Lehm und Holz präzise vereint
Ein modernes Firmengebäude aus Naturmaterialien
Erne Holzbau erstellte mit Burkard Meyer Architekten ein Firmengebäude. Erfahrung, ein Stampflehm-Roboter und die Produktion der Bauteile in den eigenen Werkhallen boten die Chance für eine energieeffiziente und ganzheitliche Architektur.
Die feine, durch geschosshohe Fenster gegliederte Metallfassade des Gebäudes fällt sofort auf, wenn man in die Rüchligstrasse einbiegt. Wer nur flüchtig hinsieht, denkt vielleicht, dass es sich um eine Fassade vor einem Betonskelett handelt. Umso überraschender ist dann das zwar formal mit der Fassade verwandte, ebenso feingliedrige Innere, in dem von Beton keine Spur zu sehen ist. Das Eingangsatrium vermittelt vielmehr ein Bild von ausserordentlich dichter, präziser und leichter – um nicht zu sagen lichter – Natürlichkeit in Holz und Lehm.
Erne Holzbau, um deren erweiterten Firmensitz es sich bei dem Gebäude handelt, wächst dank zukunftsweisenden Fabrikationen im Holzbau, Fertigbauteilen wie hybriden Deckenelementen und seit Kurzem auch dank Entwicklungen im Lehmbau. Das Unternehmen benötigte deshalb 100 neue, flexible Arbeitsplätze für seine Angestellten. «In unseren Werkstätten arbeitet man mit Hand und Kopf, aber wir beschäftigen auch immer mehr Leute, die ausschliesslich mit dem Kopf tätig sind.
Unterdessen sind es 45 %», erläutert der Geschäftsführer Patrick Suter. Es ist also nicht erstaunlich, dass die Firma bei diesem Neubau viele Rollen übernahm: Sie war Bauherrin sowie Brandschutz- und Fassadenplanerin und stellte als Unternehmen die meisten Bauteile selbst her. Dies war nicht nur eine besondere Ausgangssituation, sondern vor allem eine Chance, in einer bewährten Zusammenarbeit mit Burkard Meyer Architekten Neues auszuprobieren und dabei die Grenzen auszuloten.

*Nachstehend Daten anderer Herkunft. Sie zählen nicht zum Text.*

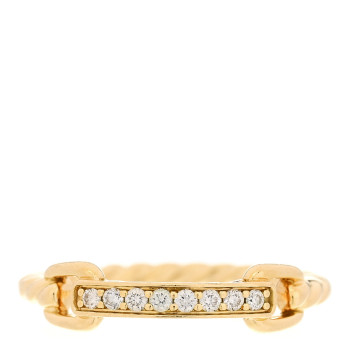 DAVID YURMAN 18K Yellow Gold Diamond Pave Petite Ring 53 6.25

Arbeiten in ruhigem Umfeld
Teil davon ist auch der Bestand. «Es war von Anfang an klar, dass der alte Bürobau aus Holzmodulen stehen bleiben sollte. Erne hatte diese Module einst für einen Kunden hergestellt und später, als dieser sie nicht mehr brauchte, zurückgekauft», erklärt Oliver Dufner von Burkard Meyer. Der Modulbau ist ein wichtiges Marktsegment der Firma.
Die Architekten planten eine Raumabfolge: An das Bürogebäude aus Re-Use-Modulen und seinen Aussenbereich schliesst der Neubau so an, dass ein gemeinsamer Hof entsteht. Getrennt durch eine grosse Fensterfront folgt daran angrenzend das Atrium des Neubaus, das wiederum von einem Aussensitzplatz abgeschlossen wird.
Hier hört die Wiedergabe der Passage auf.